The ruling will affect death-sentencing procedures in states where juries decided a defendants’ guilt or innocence and a judge alone decided the sentence. The court held 7 to 2 that the defendants’ Sixth Amendment constitutional right to a trial by jury was violated by not allowing the jury to decide the defendant’s final fate.
Among the five states involved — Arizona, Colorado, Idaho, Montana and Nebraska — there are 168 death row inmates who had their punishments decided by a judge or panel of judges.
“We hold that the Sixth Amendment secures to capital defendants, no less than to non-capital defendants, the right to a jury determination of any fact on which the legislature conditions an increase in their maximum punishment,” Justice Ruth Bader Ginsburg wrote for a majority. Ginsburg was joined by an unusual alliance of conservative and liberal justices including Justices John Paul Stevens, Antonin Scalia, Anthony Kennedy, David Souter and Clarence Thomas.
Justice Stephen Breyer wrote separately to agree with the majority.
It is not clear what will immediately happen to death row inmates in the affected states. Some may have their sentences commuted to life terms as happened when the Supreme Court put a temporary stop to the death penalty in the 1970s. The inmates could also be re-sentenced by a jury and receive the same death penalty punishment.

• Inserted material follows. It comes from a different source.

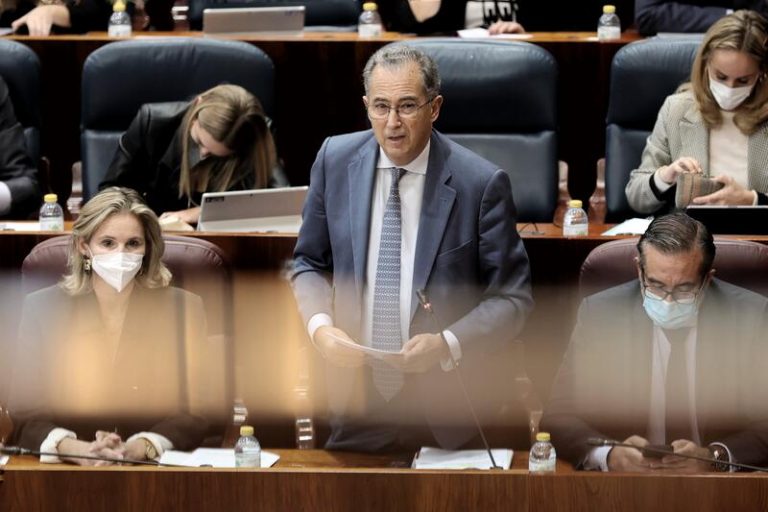 Madrid asegura que la nueva ley de FP no incorpora casi «ningún avance»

In a dissent, Justice Sandra Day O’Connor wrote that the decision of the majority was unnecessary under the Constitution and would encourage some 500 inmates in four other states, where juries only advise judges as to their punishment, to challenge their sentences. Chief Justice William Rehnquist joined O’Connor in dissenting.
The decision came in the case of Timothy Ring, an Arizona death row inmate who challenged his sentence for allegedly killing an armored car driver in 1994. Ring said his constitutional right to a jury trial was violated when the judge considered additional testimony after the jury had already been dismissed and then determined Ring’s crime warranted the death penalty.
The decision is the second major ruling by the Supreme Court concerning the death penalty in less than a week. Last Thursday, the court ruled that mentally retarded people are exempt from the death penalty under the Eighth Amendment protection against “cruel and unusual punishments.”
In a separate decision handed down Monday, the justices ruled that judges can lengthen the prison sentences of defendants who use guns when committing their crimes, even if they have not been convicted on any charge specifically involving the weapon.
In a closely divided ruling, the court held 5 to 4 that judges can decide whether defendants used guns in their crimes and adjust prison sentences accordingly. The decision narrowly avoids a ruling that would have forced the re-evaluation of thousands of sentences and cast doubt on sentencing laws in almost every state.